* **ABOUT THIS TASK**: Everything in the data below is left aside except the lines from the one containing "Tumps Of Tunnelling" through the one containing "Flor de Ara&ccedil;&aacute;"; repeat those exactly.

* **INPUT MATERIAL**:
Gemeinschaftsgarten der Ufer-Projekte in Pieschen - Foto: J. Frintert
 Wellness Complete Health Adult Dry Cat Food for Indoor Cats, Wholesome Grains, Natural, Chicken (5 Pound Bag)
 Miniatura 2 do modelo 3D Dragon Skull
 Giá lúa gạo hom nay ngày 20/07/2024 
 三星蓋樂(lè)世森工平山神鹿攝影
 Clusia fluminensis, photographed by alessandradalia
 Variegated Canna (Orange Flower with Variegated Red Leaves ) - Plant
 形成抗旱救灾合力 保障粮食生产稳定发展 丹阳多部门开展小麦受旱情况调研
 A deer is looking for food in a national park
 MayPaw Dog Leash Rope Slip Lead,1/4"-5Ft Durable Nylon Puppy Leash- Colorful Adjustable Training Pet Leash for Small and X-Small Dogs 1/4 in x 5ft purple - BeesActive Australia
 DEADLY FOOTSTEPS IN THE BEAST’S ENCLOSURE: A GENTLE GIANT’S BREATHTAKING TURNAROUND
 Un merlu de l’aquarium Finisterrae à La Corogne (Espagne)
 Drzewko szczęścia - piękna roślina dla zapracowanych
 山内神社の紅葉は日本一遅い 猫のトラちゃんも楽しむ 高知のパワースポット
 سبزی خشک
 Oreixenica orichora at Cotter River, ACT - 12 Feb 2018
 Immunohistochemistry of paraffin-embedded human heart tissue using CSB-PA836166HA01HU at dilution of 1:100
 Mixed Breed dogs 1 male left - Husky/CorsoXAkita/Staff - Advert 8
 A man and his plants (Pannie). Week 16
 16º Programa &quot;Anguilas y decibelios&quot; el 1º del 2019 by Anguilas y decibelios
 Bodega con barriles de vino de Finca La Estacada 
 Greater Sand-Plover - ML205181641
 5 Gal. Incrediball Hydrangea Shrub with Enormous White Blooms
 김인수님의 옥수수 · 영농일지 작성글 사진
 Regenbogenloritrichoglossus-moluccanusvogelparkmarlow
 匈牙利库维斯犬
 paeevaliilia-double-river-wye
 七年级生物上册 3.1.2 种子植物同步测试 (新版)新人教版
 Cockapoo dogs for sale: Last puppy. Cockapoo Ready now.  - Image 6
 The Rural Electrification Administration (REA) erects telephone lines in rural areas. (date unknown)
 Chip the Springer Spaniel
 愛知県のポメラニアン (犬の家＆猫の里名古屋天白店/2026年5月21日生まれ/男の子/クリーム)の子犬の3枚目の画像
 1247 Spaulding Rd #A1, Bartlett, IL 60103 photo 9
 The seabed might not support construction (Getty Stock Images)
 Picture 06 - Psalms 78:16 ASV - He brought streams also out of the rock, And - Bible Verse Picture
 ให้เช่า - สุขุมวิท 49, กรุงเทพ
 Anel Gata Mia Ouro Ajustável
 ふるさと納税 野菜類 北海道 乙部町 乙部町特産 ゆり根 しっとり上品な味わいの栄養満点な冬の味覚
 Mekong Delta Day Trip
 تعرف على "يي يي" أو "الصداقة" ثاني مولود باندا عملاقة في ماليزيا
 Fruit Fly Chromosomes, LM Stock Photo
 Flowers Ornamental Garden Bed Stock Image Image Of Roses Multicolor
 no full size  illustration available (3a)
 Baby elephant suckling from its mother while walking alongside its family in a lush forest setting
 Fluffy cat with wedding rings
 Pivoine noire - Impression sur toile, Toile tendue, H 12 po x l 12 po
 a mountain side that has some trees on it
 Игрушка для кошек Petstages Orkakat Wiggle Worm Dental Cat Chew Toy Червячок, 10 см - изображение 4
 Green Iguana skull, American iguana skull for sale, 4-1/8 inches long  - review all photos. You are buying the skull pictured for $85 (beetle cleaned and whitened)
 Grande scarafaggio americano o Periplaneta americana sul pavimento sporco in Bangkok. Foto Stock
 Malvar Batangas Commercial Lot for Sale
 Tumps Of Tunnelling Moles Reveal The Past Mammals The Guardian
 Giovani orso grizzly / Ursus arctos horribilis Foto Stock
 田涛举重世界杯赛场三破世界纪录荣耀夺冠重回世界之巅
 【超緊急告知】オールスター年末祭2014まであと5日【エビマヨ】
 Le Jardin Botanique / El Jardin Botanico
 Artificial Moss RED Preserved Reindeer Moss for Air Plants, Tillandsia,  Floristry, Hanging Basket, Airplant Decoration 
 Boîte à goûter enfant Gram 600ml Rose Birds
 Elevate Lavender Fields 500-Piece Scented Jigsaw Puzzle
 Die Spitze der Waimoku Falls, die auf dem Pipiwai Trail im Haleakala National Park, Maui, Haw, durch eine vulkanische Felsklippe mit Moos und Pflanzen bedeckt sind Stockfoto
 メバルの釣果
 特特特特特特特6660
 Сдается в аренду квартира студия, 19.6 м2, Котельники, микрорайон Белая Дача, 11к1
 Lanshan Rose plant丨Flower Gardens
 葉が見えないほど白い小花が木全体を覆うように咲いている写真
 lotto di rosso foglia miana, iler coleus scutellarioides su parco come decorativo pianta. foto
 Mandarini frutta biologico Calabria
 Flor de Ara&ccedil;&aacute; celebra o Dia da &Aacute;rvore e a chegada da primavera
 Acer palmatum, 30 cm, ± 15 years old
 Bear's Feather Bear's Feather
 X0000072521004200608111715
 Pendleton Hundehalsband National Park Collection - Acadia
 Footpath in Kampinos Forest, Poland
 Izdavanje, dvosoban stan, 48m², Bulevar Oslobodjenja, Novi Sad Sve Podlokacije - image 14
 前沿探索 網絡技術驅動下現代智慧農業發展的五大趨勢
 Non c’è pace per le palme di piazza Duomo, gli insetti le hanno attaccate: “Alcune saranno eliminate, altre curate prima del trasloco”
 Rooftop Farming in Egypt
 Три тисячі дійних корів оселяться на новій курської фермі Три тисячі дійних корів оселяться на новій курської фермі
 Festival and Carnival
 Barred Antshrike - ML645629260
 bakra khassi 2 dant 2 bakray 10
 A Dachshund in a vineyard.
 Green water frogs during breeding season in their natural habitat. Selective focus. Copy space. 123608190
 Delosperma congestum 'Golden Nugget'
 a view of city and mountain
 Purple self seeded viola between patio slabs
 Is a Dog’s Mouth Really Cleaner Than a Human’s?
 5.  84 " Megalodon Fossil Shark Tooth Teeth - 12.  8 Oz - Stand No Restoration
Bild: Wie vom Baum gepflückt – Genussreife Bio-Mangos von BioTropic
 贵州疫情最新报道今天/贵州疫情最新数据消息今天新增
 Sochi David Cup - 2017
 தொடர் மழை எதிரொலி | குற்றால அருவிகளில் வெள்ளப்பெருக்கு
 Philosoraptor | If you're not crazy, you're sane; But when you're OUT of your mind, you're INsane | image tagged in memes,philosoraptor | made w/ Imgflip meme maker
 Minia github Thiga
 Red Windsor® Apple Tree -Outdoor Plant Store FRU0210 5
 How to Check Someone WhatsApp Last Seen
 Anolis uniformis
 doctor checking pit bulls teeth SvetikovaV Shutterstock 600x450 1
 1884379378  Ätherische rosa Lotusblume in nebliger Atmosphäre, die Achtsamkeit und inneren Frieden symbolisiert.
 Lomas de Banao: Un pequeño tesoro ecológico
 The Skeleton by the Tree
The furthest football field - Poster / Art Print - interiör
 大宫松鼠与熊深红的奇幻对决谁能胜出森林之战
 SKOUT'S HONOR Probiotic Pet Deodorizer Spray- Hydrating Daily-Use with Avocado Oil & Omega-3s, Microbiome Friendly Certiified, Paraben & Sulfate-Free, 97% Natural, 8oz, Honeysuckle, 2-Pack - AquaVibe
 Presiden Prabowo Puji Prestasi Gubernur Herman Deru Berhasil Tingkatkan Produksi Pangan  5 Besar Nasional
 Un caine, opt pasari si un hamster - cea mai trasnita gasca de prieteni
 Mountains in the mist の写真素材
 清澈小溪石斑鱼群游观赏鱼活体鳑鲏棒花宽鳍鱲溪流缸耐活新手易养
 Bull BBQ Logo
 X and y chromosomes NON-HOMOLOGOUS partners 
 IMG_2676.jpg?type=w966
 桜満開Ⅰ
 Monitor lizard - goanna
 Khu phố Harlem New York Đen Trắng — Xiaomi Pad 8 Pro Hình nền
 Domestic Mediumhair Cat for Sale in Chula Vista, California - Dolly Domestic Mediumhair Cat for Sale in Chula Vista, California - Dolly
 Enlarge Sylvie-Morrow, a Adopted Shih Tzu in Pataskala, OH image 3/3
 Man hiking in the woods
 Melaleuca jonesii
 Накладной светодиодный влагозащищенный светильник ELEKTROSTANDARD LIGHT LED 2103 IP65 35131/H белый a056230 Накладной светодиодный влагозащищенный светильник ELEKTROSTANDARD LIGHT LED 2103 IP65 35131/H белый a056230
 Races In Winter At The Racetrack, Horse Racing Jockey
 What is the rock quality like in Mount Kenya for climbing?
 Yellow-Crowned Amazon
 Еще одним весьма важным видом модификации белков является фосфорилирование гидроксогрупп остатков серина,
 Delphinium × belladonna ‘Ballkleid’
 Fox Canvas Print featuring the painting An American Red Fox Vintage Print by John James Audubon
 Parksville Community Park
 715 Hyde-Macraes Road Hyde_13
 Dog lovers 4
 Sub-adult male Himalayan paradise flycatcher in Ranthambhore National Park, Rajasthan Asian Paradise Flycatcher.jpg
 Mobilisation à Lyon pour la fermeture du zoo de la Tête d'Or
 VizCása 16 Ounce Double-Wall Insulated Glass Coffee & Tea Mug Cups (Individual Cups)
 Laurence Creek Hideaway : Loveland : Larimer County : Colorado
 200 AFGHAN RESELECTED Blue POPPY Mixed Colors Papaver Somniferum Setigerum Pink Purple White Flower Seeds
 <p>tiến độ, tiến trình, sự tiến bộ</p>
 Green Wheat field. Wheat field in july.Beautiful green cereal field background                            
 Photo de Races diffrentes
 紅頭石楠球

* **RESPONSE BELOW**:
 Tumps Of Tunnelling Moles Reveal The Past Mammals The Guardian
 Giovani orso grizzly / Ursus arctos horribilis Foto Stock
 田涛举重世界杯赛场三破世界纪录荣耀夺冠重回世界之巅
 【超緊急告知】オールスター年末祭2014まであと5日【エビマヨ】
 Le Jardin Botanique / El Jardin Botanico
 Artificial Moss RED Preserved Reindeer Moss for Air Plants, Tillandsia,  Floristry, Hanging Basket, Airplant Decoration 
 Boîte à goûter enfant Gram 600ml Rose Birds
 Elevate Lavender Fields 500-Piece Scented Jigsaw Puzzle
 Die Spitze der Waimoku Falls, die auf dem Pipiwai Trail im Haleakala National Park, Maui, Haw, durch eine vulkanische Felsklippe mit Moos und Pflanzen bedeckt sind Stockfoto
 メバルの釣果
 特特特特特特特6660
 Сдается в аренду квартира студия, 19.6 м2, Котельники, микрорайон Белая Дача, 11к1
 Lanshan Rose plant丨Flower Gardens
 葉が見えないほど白い小花が木全体を覆うように咲いている写真
 lotto di rosso foglia miana, iler coleus scutellarioides su parco come decorativo pianta. foto
 Mandarini frutta biologico Calabria
 Flor de Ara&ccedil;&aacute; celebra o Dia da &Aacute;rvore e a chegada da primavera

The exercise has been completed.